__GIVEN DATA__:

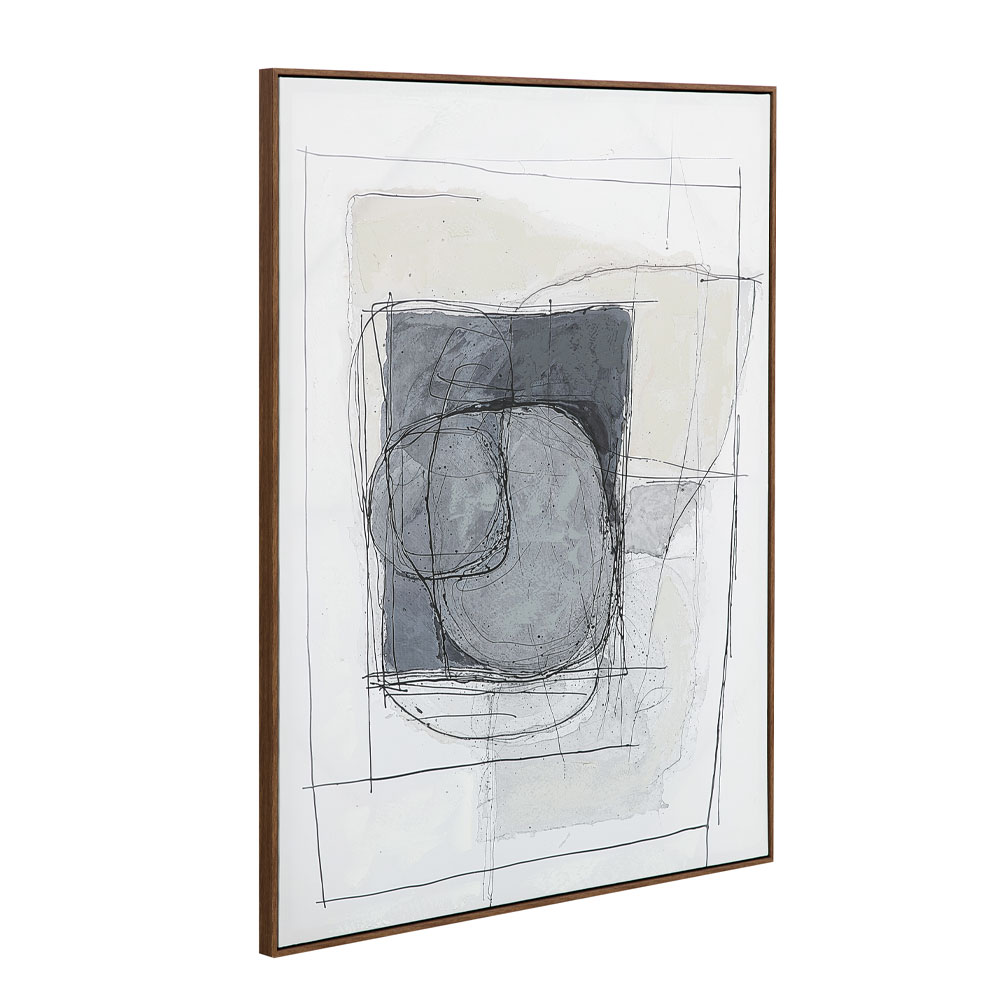 WOMB BEAUTY ΠΙΝΑΚΑΣ ΔΙΑΚΟΣΜΗΤΙΚΟΣ ΜΕ ΚΟΡΝΙΖΑ 90x120x4cm ΚΑΜΒΑΣ ΜΠΛΕ ΣΚΟΥΡΟ ΓΚΡΙ ΜΠΕΖ ΞΥΛΟ ΦΥΣΙΚΟ - Image 3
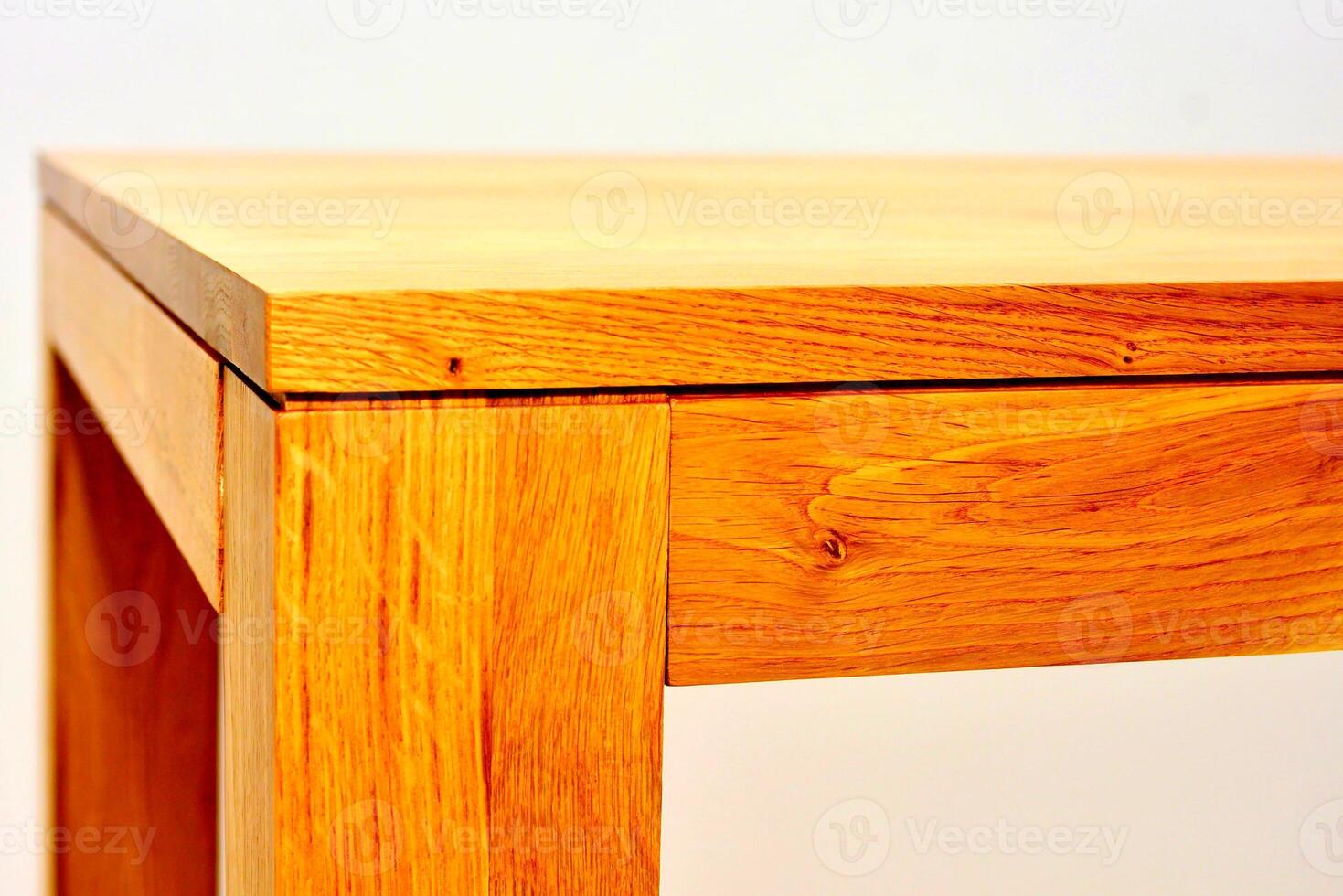 Table top isolated over solid background. Wooden dinner table over white background illustration photo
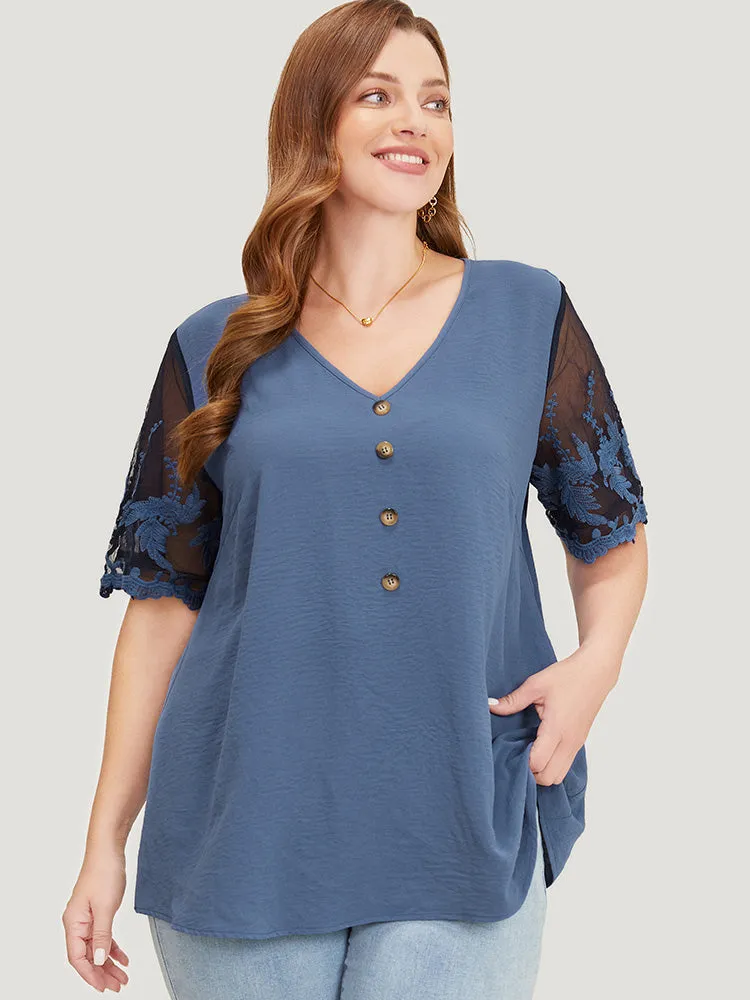 Plain Lace Mesh Sleeve Button Detail Blouse sold by Bloomchic product image thumbnail 3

__EXERCISE AIM__: Omit the pictures, then retype the remaining material without a single change.

__RESULT OF THE EXERCISE__:
 WOMB BEAUTY ΠΙΝΑΚΑΣ ΔΙΑΚΟΣΜΗΤΙΚΟΣ ΜΕ ΚΟΡΝΙΖΑ 90x120x4cm ΚΑΜΒΑΣ ΜΠΛΕ ΣΚΟΥΡΟ ΓΚΡΙ ΜΠΕΖ ΞΥΛΟ ΦΥΣΙΚΟ - Image 3
 Table top isolated over solid background. Wooden dinner table over white background illustration photo
 Plain Lace Mesh Sleeve Button Detail Blouse sold by Bloomchic product image thumbnail 3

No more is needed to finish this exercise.